The only thing you might worry about in these circumstances is that inflation might be more persistent than you thought because nominal wages start to rise as workers try and avoid falls in real wages. That didn’t happen in 2011 even though inflation reached 5%, and inflation did come quickly back to near target within a year. An increase in interest rates would have achieved nothing except make the recession worse.

Exactly the same applies now, with the only difference being inflation is still less than 3%. We can be sure of this by looking at what is happening to nominal wages. UK nominal wages have increased in the four months of 2017 by less than 2% compared to a year earlier, which represents a distinctly lower rate of growth than in the second half of 2016. A relative price change, like a depreciation, can only shift inflation permanently higher if wage inflation starts rising. Right now it is falling.

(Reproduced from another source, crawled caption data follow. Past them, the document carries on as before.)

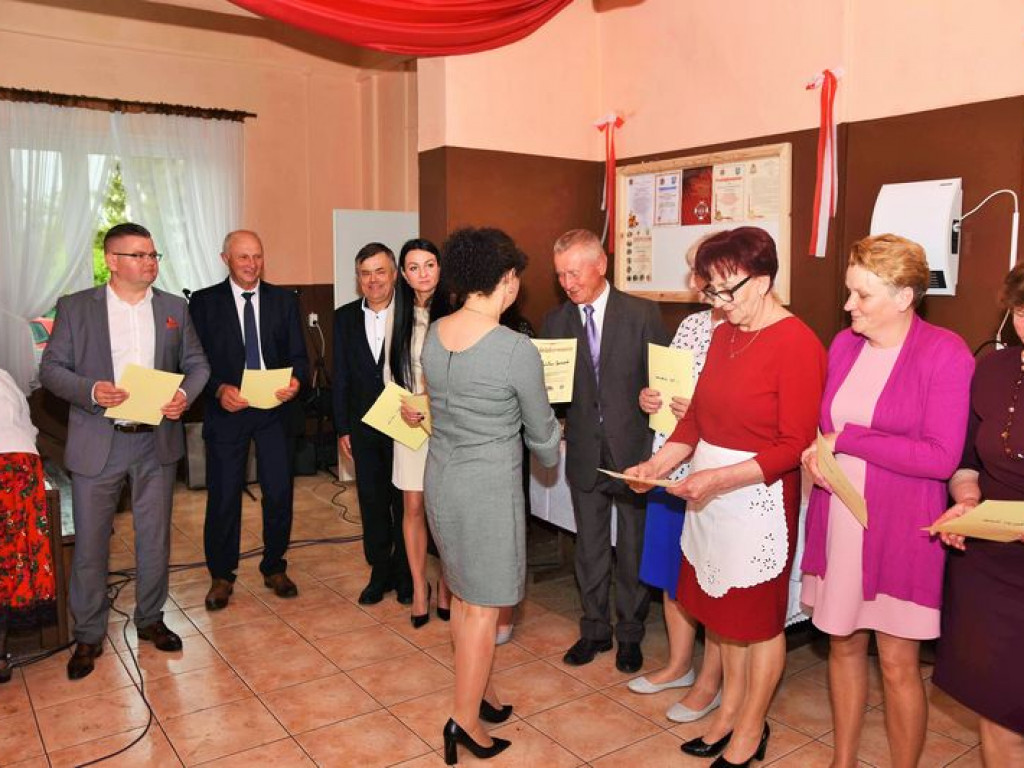 Spotkanie zespołów śpiewaczych w Lipniakach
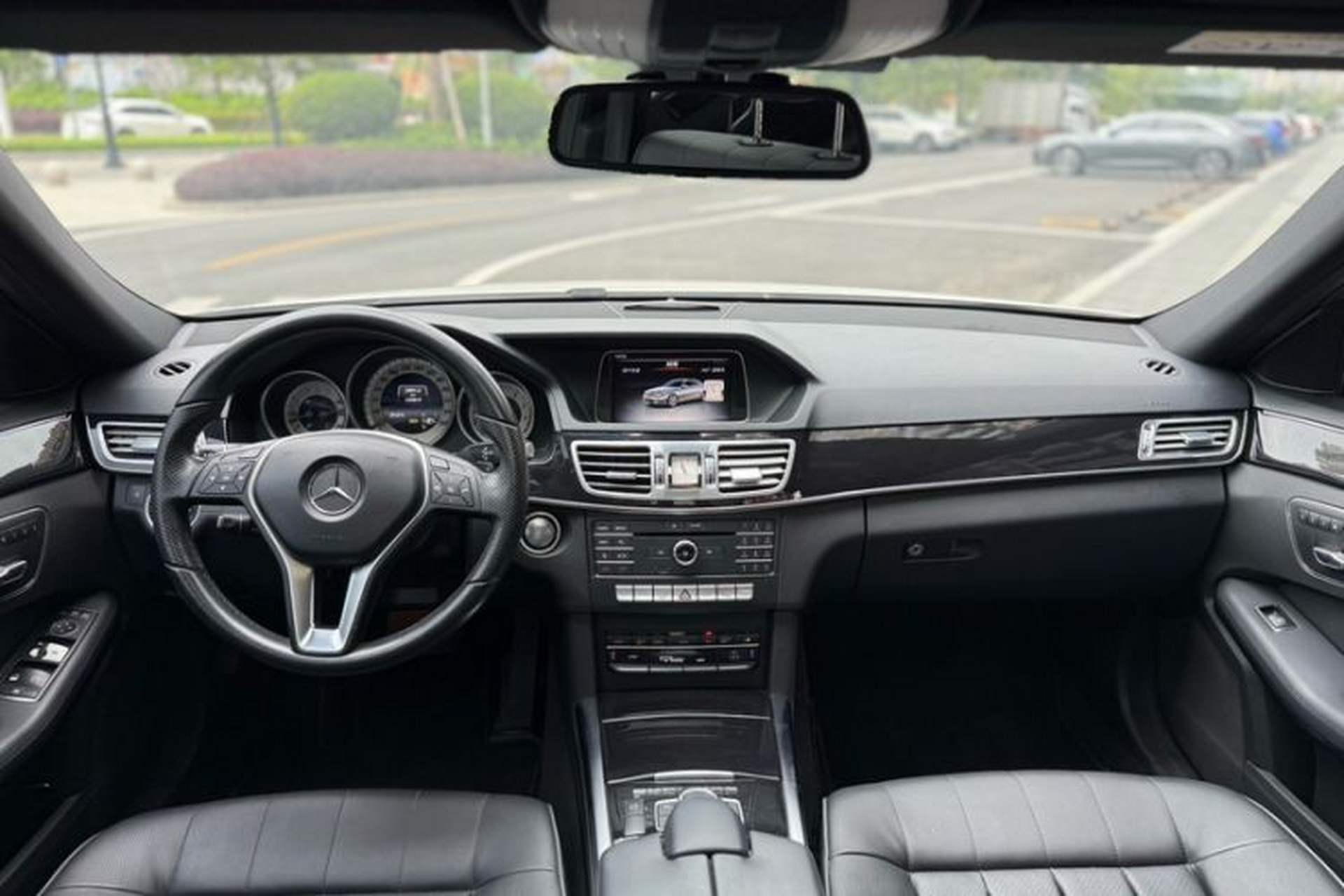 Used Mercedes-Benz E-Class 2015 Restyled E 260 L Sport Edition Interior 6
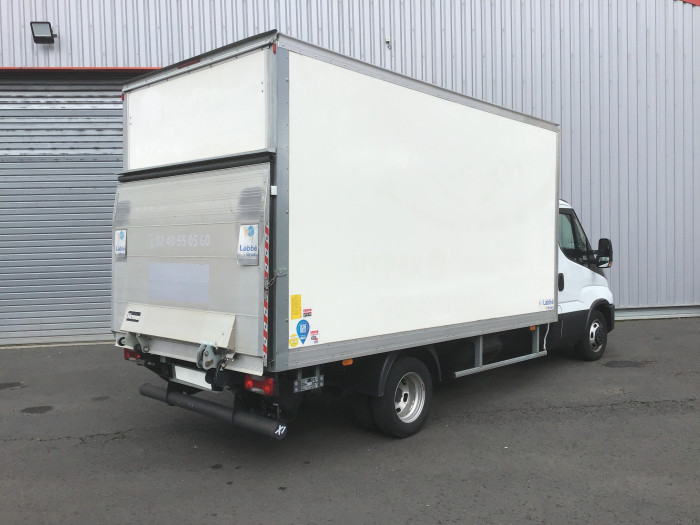 IVECO DAILY CHASSIS CABINE CAB 35 C 16 EMP 4100 QUAD-LEAF BVM6 3.0L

When I recently wroteabout increasing the inflation target, I knew I would get at least one comment saying wouldn’t this reduce real wages even further. As I always do, I explained that raising the inflation target should raise the rate of increase of all nominal quantities by the same amount, which is what economists mean by inflation. But it seems the same basic point has to be made to these three members of the MPC too: inflation is not just the rate of change of the consumer price index.

The weakness of real wages in the face of rising inflation (and remember this increase in inflation was predictable the moment Brexit happened) also tells us something important about the UK labour market. Here is the Resolution Foundation’s underemployment measure, based on work by Bell and Blanchflower. It shows the index still above its level in the first half of the 2000s. 


But perhaps more importantly, the weakness of nominal wages suggests that the NAIRU may have decreased since then. A good rule for monetary policymakers right now is to only think about raising interest rates when nominal wage inflation starts rising by more than 2% above underlying labour productivity growth. 

Postscript 22/6/17

The day this post was published a speech from MPC member Andy Haldane was also published. Haldane did not vote for higher interest rates in May. It is a speech of two halves. The first presents a detailed and analytical discussion of the changing nature of the UK labour market, and his conclusion is that the NAIRU may well have declined as a result. He therefore provides solid evidence for the conjecture in my last paragraph. 

However the second half of the speech is in complete contrast. It involves a kind of unstructured shopping list of pros and cons for raising rates, full of references to things like 'political uncertainty' and equity markets and 'inflation narratives'. As a result of that, he favours raising rates earlier than markets expect. Sterling rose on publication of the speech. (If nothing else, sterling's reaction to first Carney's speech and then this has been a nice vindication of uncovered interest parity (UIP) theory.)

I think there is another way of describing this speech of two halves. The first involves a careful analysis of a key driver of the inflationary process (and finds a strong explanation of why wage inflation is currently weak). The second is unstructured list making, with a decision based on some unexplained intuitive process. I may be a little harsh, but it looks to me like the best and worst of monetary policy making.